As part of a Ph.D. project to elucidate the molecular basis for a particular brain tumour, Ms Marita Vella travelled to the Diamond Light Source to investigate the structural biology of a molecular chaperone implicated in these tumours.
Diamond Light Source is the UK’s national synchrotron science facility, located at the Harwell Science and Innovation Campus in Oxfordshire and is used by over 3,000 academic and industrial researchers across a wide range of disciplines.
Ms Vella’s research took her to one of the thirty-one beamlines at Diamond where high speed electrons are used to generate electromagnetic radiation of various wavelengths, in this case X-Rays. These were used to discover the overall shape of the protein molecule in a technique utilizing small angle X-Ray scattering (SAXS).

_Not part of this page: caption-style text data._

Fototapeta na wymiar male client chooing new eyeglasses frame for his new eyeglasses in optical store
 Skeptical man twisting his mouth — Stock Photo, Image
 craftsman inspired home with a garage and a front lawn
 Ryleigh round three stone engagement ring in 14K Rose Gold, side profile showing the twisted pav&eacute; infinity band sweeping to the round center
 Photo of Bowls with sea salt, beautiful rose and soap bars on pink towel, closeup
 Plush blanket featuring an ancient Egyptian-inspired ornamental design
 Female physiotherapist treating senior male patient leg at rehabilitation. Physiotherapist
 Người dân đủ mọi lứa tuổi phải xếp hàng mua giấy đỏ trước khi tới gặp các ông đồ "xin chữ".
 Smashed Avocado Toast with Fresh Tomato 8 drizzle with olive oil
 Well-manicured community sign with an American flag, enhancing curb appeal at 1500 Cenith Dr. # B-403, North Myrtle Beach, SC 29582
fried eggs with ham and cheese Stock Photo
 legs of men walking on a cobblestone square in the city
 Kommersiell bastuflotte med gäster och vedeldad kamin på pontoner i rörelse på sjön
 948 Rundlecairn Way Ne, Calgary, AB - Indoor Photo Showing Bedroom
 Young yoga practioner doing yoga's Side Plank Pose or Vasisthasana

Ms Vella also visited the laboratories of the Astbury Centre of Structural Molecular Biology, Leeds University, UK, to study protein-protein interactions implicated in the mechanism of cancer formation. To determine how tightly specific proteins binds to other protein, Ms Vella employed the powerful technique of surface plasmon resonance. Perhaps more importantly, the effect of a single amino acid change in the sequence of a protein that was discovered in Malta associated with this form of brain cancer, was also studied.
Genetic analysis has taught us much about the changes that bring about tumour formation, but it is largely relegated to detection or diagnosis. It is hoped that through the investigation of proteins at the molecular and atomic level, the basis for a disease such as cancer might be determined and better understood.
Ms Vella is carrying out her research in the laboratory of Biochemistry and Protein Science in the Department of Physiology and Biochemistry, University of Malta. Consumables have been funded through an Endeavour Scholarship and her research visit to the UK was partly funded by an International Partnership Award from MCST to Dr T. Hunter.
Prof. Gary J. Hunter and Ms Marita Vella thank their colleague Dr Chi Trinh for the opportunity and the Director of the Astbury Centre for Structural Molecular Biology, Prof. Sheena Radford FRS, for kindly allowing them to use the facilities.